Today’s cryptographic algorithms, such as those used for online transactions, can be broken, essentially by repeated guesswork, but their security derives from the wildly impractical length of time it takes to do so. Using the so-called brute-force method, where an ordinary computer cycles through all possible keys until the correct one is found, is a daunting task. For example, 128-bit encryption has 340 undecillion (36 zeros) variants. To put that into context, a computer that could test 1 trillion keys per second would take 10.79 quintillion years (Computerworld), that is 785 million times the currently accepted age of the universe. 128-bit encryption used to be the standard, but during the WikiLeaks furore in 2013, it became evident that secret service agencies were purportedly able to crack variants of these codes, albeit in an unorthodox manner. As a result, there has been a migration towards 256-bit encryption.

There are known alternatives to the brute-force attack that concern general computer security. Acoustic cryptanalysis employs a method of listening to a computer processor with a microphone. Using this method, analysts were able to circumvent very high levels of encryption. Some 256-bit encryption standards such as AES can currently be hacked within five minutes using an antenna that measures the power output of the encrypting computer. However, these techniques are not practical due to the need for the measuring equipment to be in very close vicinity to the computer doing the encryption work. Interestingly, most current hacking methods involve listening-in or intercepting the signals made during the encryption process. Due to the distributed nature of Bitcoin, these methods could not be used.

The impracticality of cracking methods is the reason why these forms of hacking are thankfully not prolific, but this may be about to change in the coming 5 - 10 years. Quantum computers are different to traditional computers in that the improvements are not from a rise in the clock speed but from an astronomical reduction in the number of steps needed to perform certain computations.

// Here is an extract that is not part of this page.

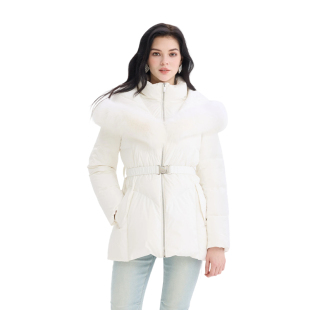 bebe2025秋冬新款 气质风连帽羽绒服403202 女士狐狸毛帽边收腰修身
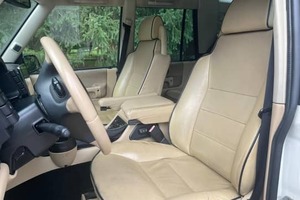 Nuevo y de Venta Rápida, Lla-nd- RRoover Discovery II SE7 2004, SUV Todoterreno Resistente para Aventuras, Resistencia Atemporal, Interior Oscuro, Cámara Trasera - Product Image 4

They essentially use the properties of quantum mechanics to probe for patterns within a large number, making some current encryption techniques very vulnerable. Given a powerful enough quantum computer, most forms of public key encryption, commonly used in everyday transactions over electronic devices, could theoretically be cracked by quantum computers within minutes, using Shor’s or Grover’s algorithm (Bernstein & Lange).

Only government administrations and militaries, who often use much more secure symmetric encryption would remain protected from quantum computing, but this requires keys to be securely delivered to each site involved in the communication, with couriers carrying locked briefcases, thus not a practical solution for everyday security.

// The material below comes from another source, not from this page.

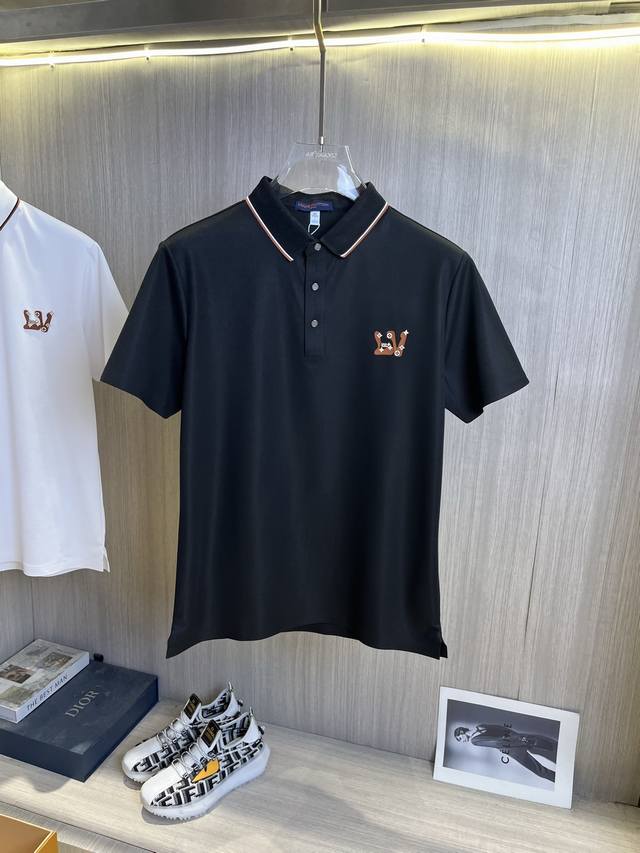 Lv路易威登 2025春夏最新款翻领时尚短袖T恤，高级定制面料！贴肤舒适，丝滑透气，耐看又好穿，原厂工艺一丝不苟，型男必备单品，尺码：M-3Xl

It is well known that Bitcoin uses SHA-256 cryptography for mining, and for public key obfuscation in the transaction process, and it should therefore be secure in a post-quantum world. However, it isn't as simple as that. Due to Bitcoin’s intricate structure there are theoretically several ways in which its security could be compromised.

Bitcoin transactions use a separate 256-bit Elliptic Curve Digital Signature Algorithm (ECDSA) for authorising transfers, a technique that is commonly used for much of internet security. While the ECDSA used in Bitcoin is 256-bit, the signature scheme is equivalent to 128-bit as a hacker would need only to exploit one private key with funds on the 256-bit curve. This is where most academic research on the subject focusses.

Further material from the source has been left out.